NÃO MAIS DISCUTIR
 
“As discussões são os escolhos da amizade.”
Edmundo de Amicis
 
Capítulo 243
 
Com seus habituais passos pesados e decididos Mulder, após sair do elevador, desce, rapidamente os poucos degraus que o dirigem para o escritório no porão.
Coloca a chave na fechadura e a porta já está destrancada. Dá de ombros com a surpresa. Olha o relógio: 21:35 horas.

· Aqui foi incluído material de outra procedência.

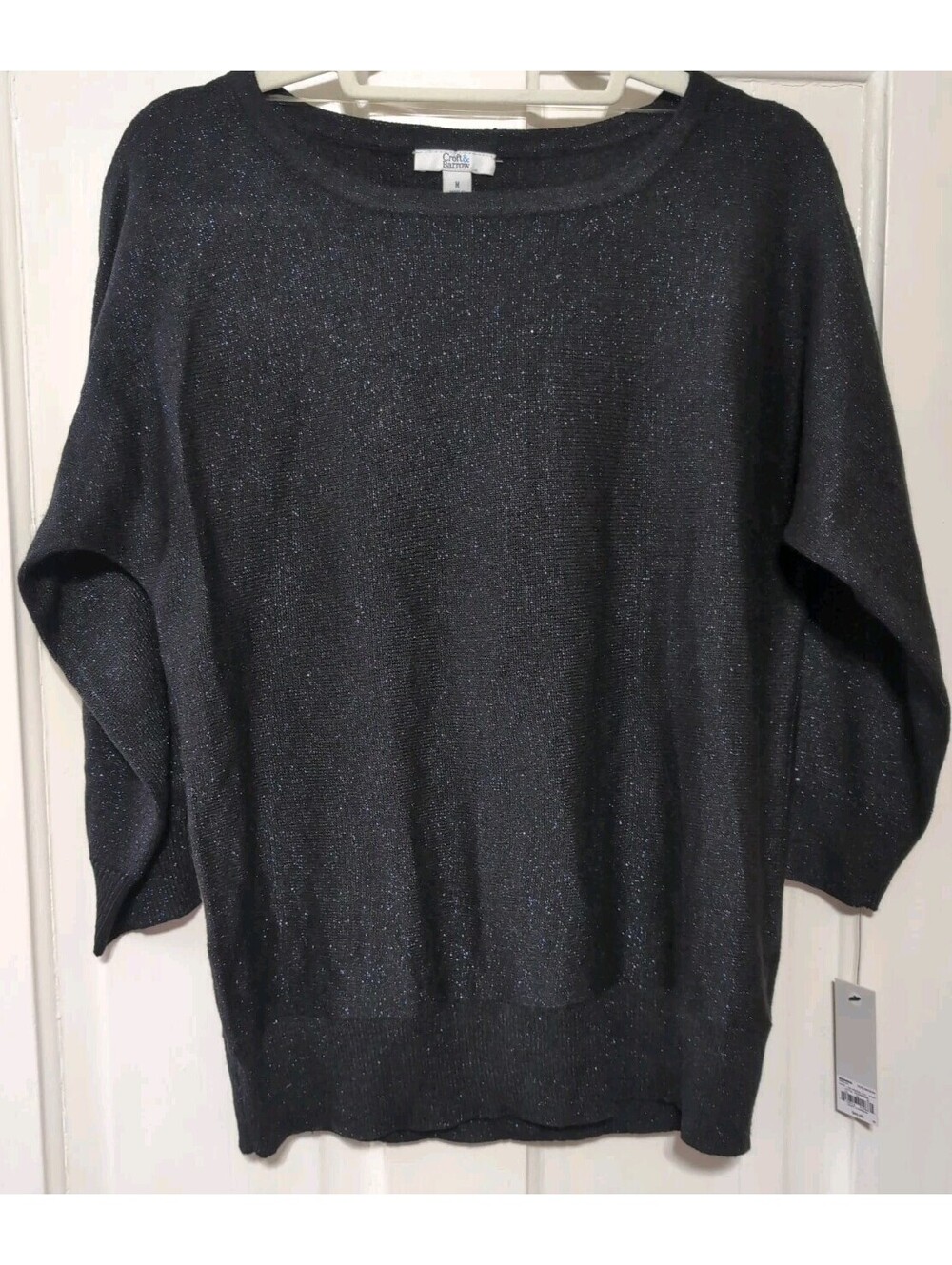 Croft & Barrow Mineral Black Boatneck Sweater Sparkling Blouse Woman's M(1541)A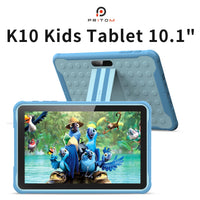 Pritom 10 Inch Kids Tablet Android 13 Go WIFI Quad Core Processor 2GB RAM 64GB ROM YouTube with Case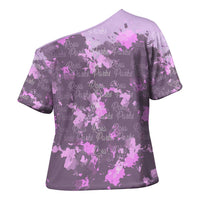 Rosa Parks Cross Shoulder Shirt Purple Floral Pattern Civil Rights Tribute Bold Name Repeated Text Design - Wonder Print Shop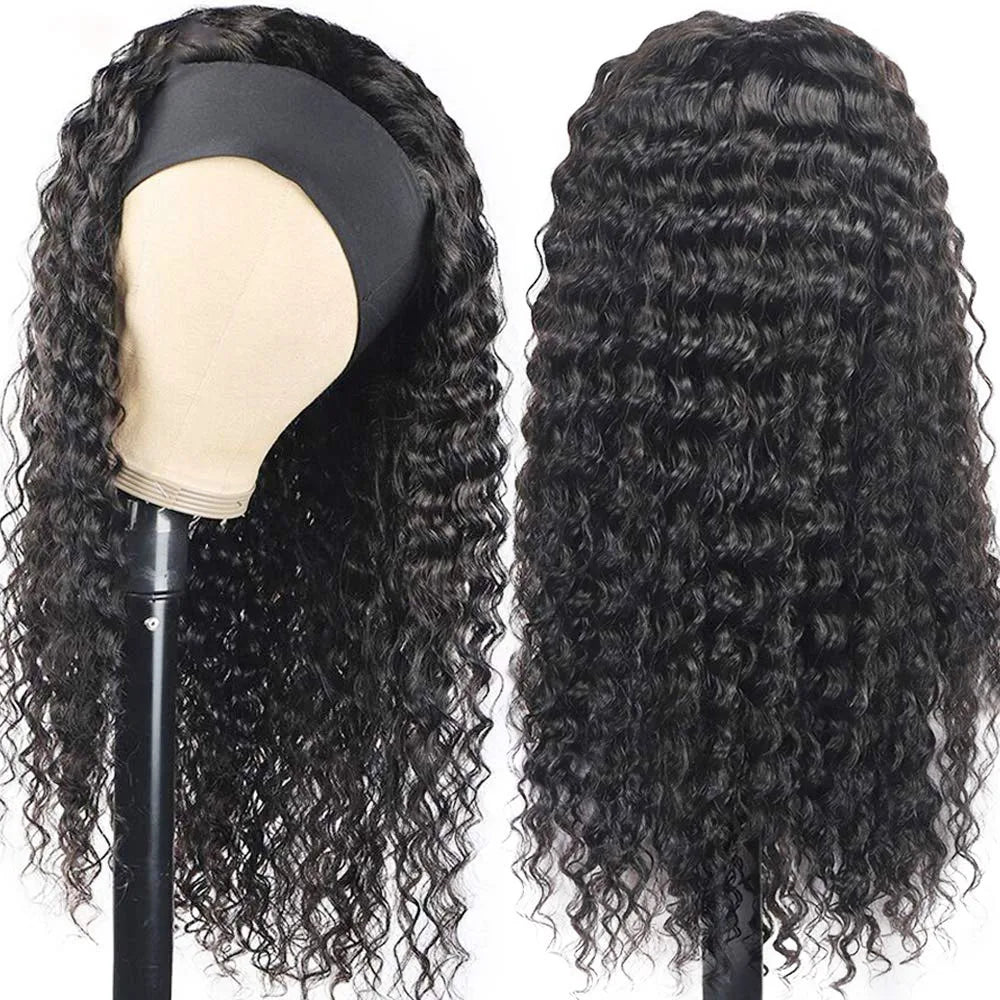 250% Density Afro Kinky Curly Headband Human Hair Wigs For Black Women No Glue Curly Wigs Brazilian Headband Wigs Human Hair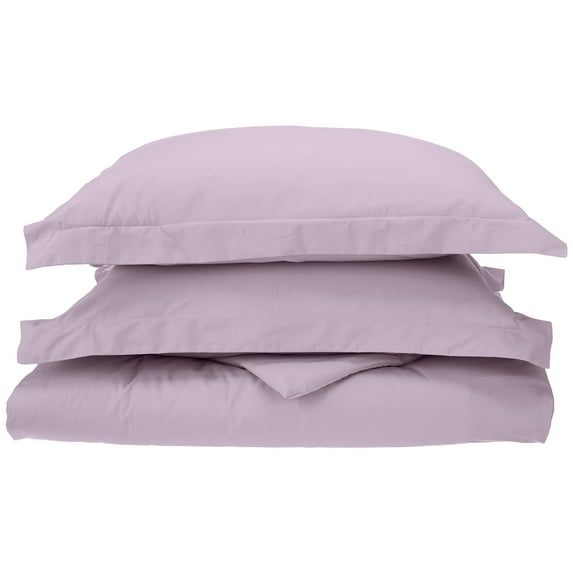 100% Cotton Percale Matte Finish Duvet Cover and Pillow Sham Set Lilac / Twin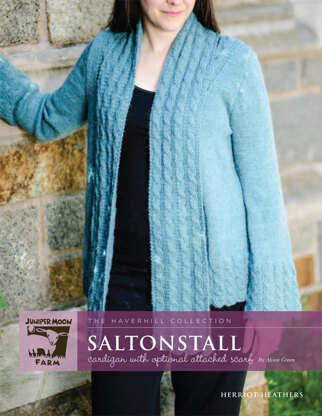 Saltonstall Cardigan with Optional Attached Scarf in Juniper Moon Farm Herriot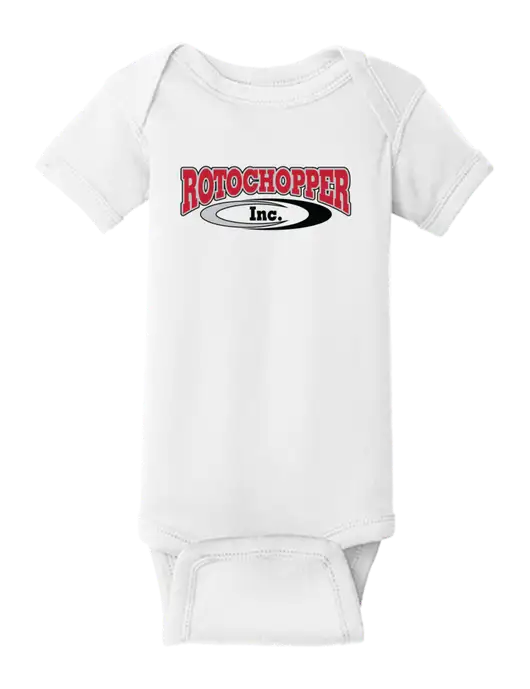 Rabbit Skins White Infant Short Sleeve Baby Rib Bodysuit w/Rotochopper Logo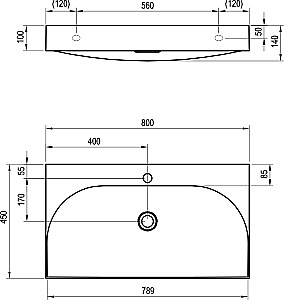 Раковина Ravak Lite XJX01280005 белый купить в интернет-магазине Sanbest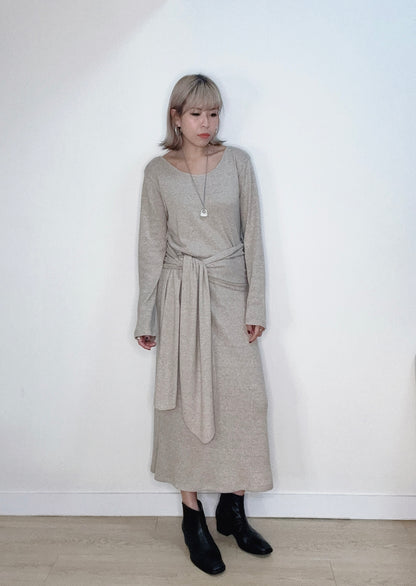 Front and back knitted dress (with scarf) #00157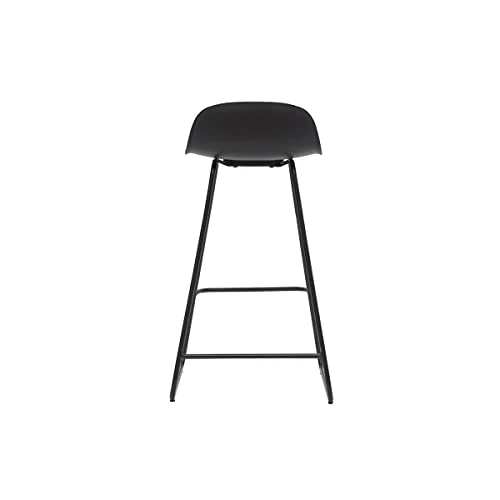 Miliboo Tabourets de Bar Design Noirs H65 cm (Lot de 2) Ella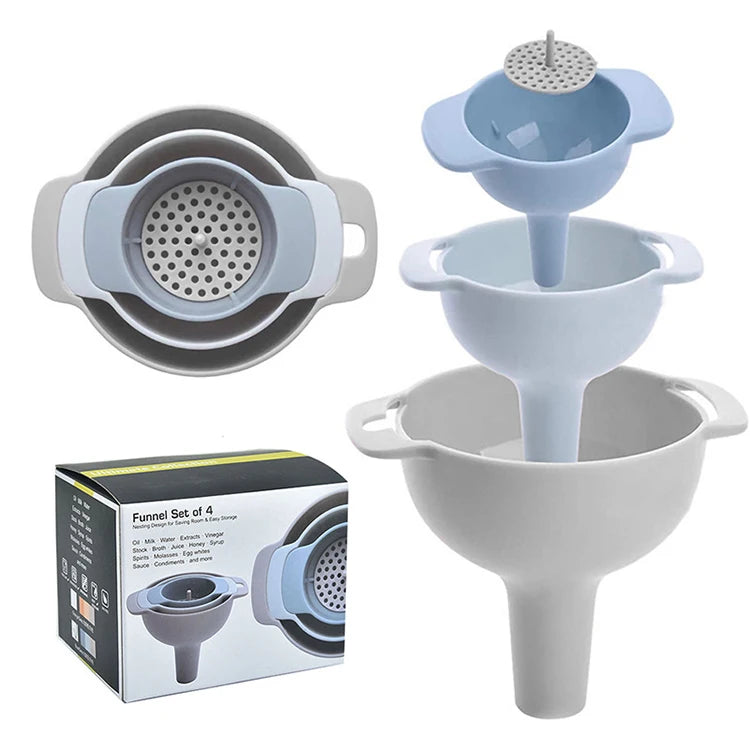 4 in 1 Kitchen Tools New Trends Eco-Friendly Food Grade Plastic Funnel Set Multifunctional Oil Wine Strainer Filter Box Packing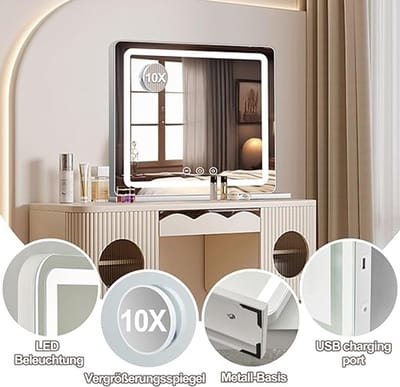 Hollywood Make-upspiegel 80 x 55 cm met verlichting, 3 Lichtkleuren, Aanraakbediening Hollywood Spiegel met USB-poort voor Slaapkamer Kaptafel of Wandmontage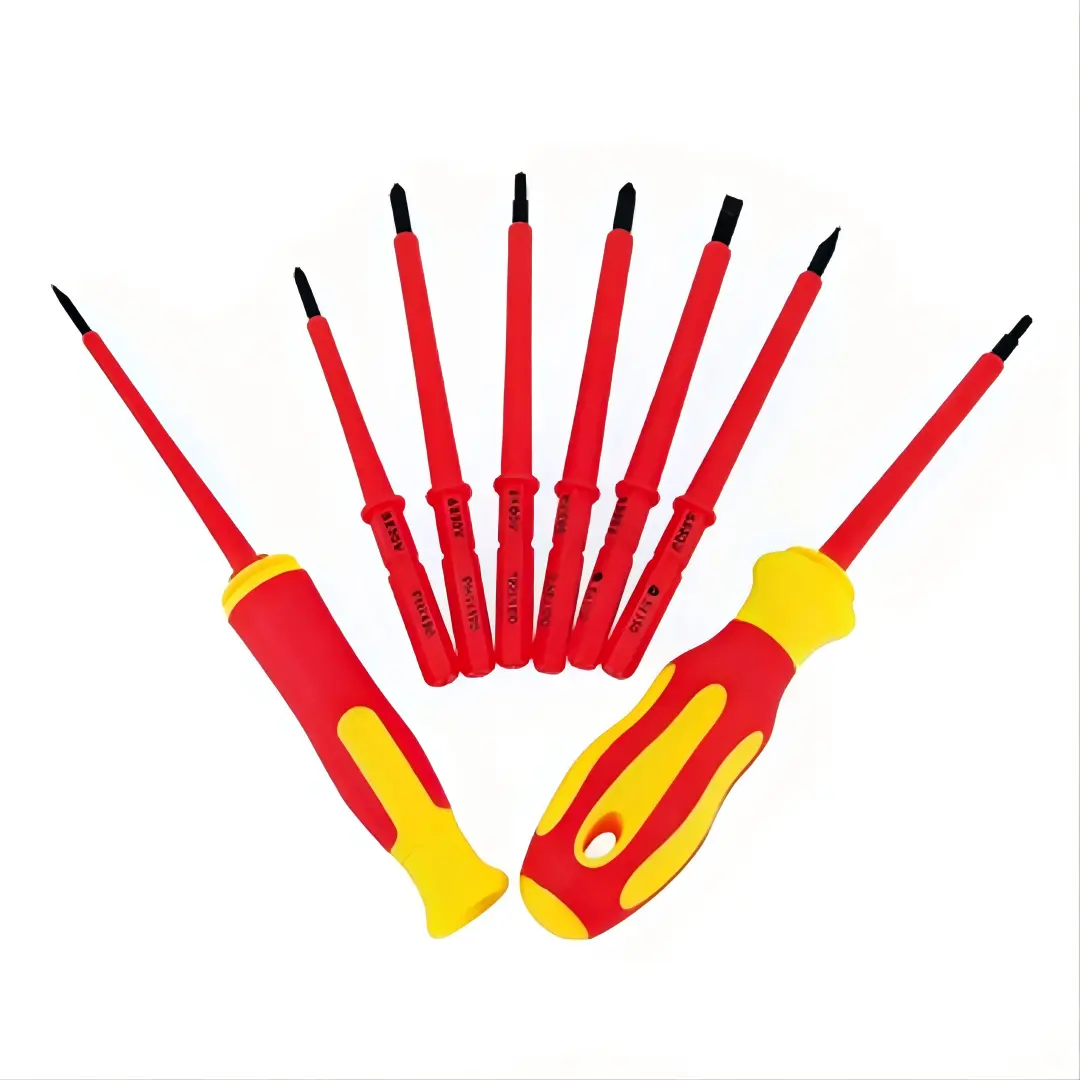 Insulated electrician screwdriver set, high hardness, magnetic Phillips/flathead/Torx/hex/star bits for home use ratchet ing
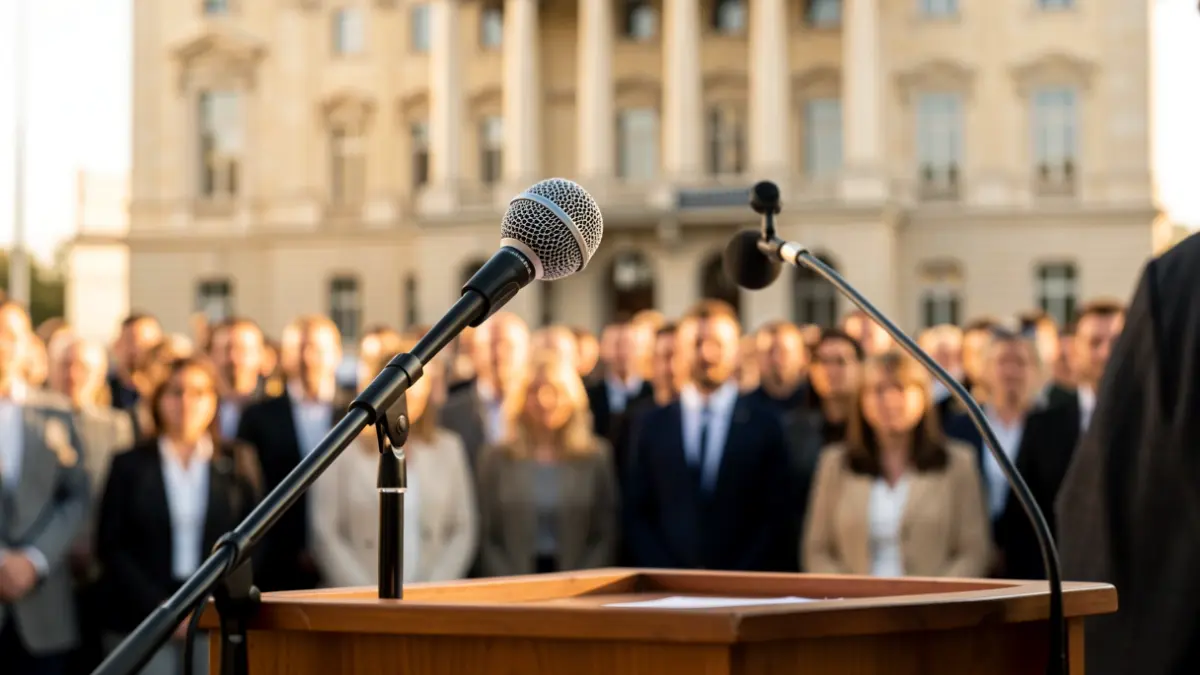 Generic image of a microphone on a podium.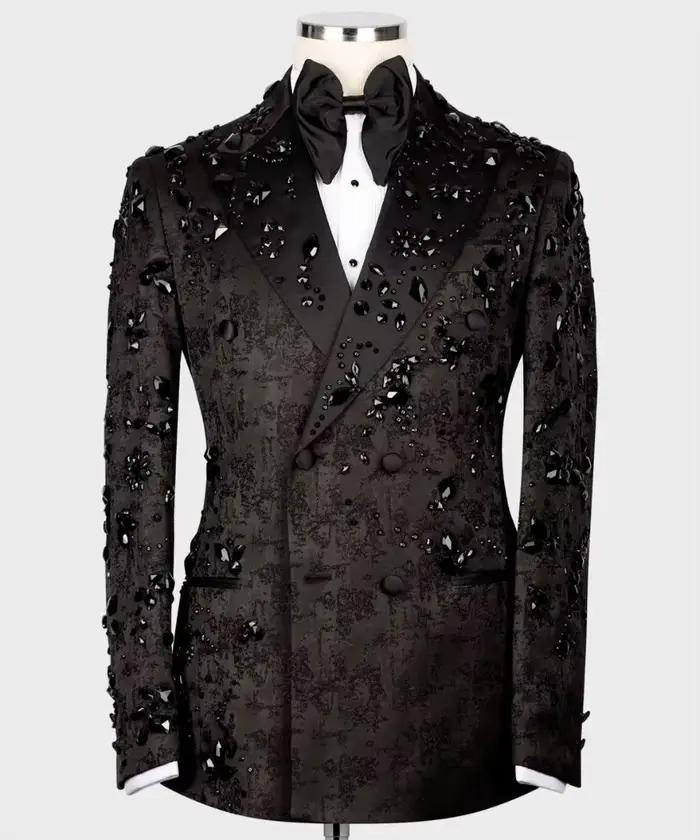 Costume moderne pour hommes, perles de cristal, 2 pièces, Blazer, pantalon, Double boutonnage, vêtem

Entra e estaca, logo após bater a porta. 
Na cadeira diante da mesa de trabalho, Dana, de pernas cruzadas, lê uma revista.
Mulder aproxima-se.
Ao ouvir os passos dele, Dana pára de desfolhar a página da revista e o olha.
-         Scully!! Nove e meia da noite e você aqui no escritório?!
Ela insinua um leve sorriso.
Ele achega-se e toca-lhe um ombro.
-         Está sofrendo de insônia, Scully? Um chazinho de camomila ajudaria, não?
Ela levanta a cabeça para fitá-lo.
Ele levanta a mão.
-         Ah... casca de maça e erva cidreira... para completar. 
Fitam-se por alguns segundos.
Mulder quebra o silêncio, pegando o queixo de sua parceira.
-         Sabe o Roland?
-         O de nossa última investigação? O que houve?
-         Ele contou, num relance, quantas estrelas tinha naquela sua blusa, lembra?
-         Sim...?
-         E eu... – pára de falar e fita-a mais intensamente - ... eu...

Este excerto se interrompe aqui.